▶ [Task objective] Would you please transcribe, exactly as written, the lines of the entries below starting at the one that holds "4844 Matterhorn Dr — Photo 13" and ending at the one that holds "Белый Ниссан Мурано, объемом", both included?

▶ [Records provided]
----
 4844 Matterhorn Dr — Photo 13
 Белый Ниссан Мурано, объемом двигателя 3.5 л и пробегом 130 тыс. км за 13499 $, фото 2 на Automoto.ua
----
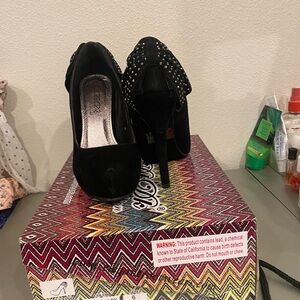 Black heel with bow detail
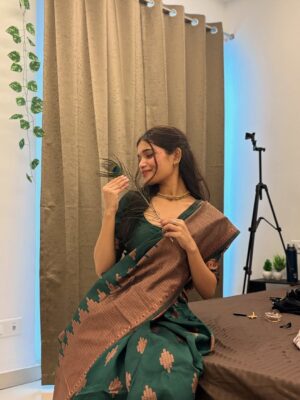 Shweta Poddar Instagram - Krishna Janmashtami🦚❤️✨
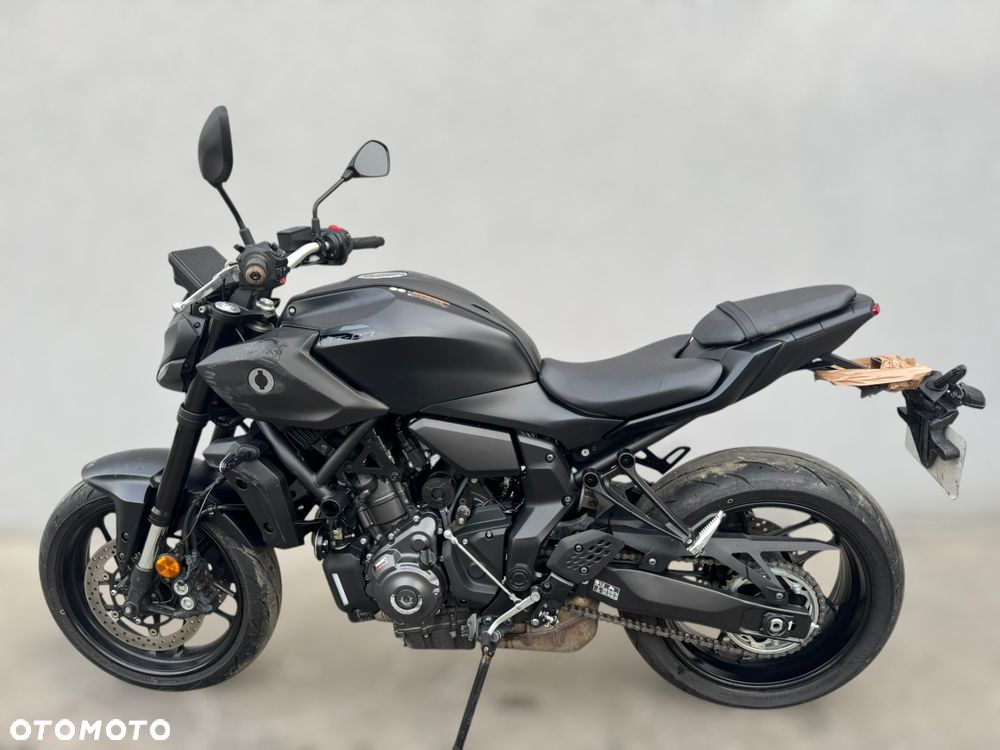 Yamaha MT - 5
----
▶ [Exercise output]
 4844 Matterhorn Dr — Photo 13
 Белый Ниссан Мурано, объемом двигателя 3.5 л и пробегом 130 тыс. км за 13499 $, фото 2 на Automoto.ua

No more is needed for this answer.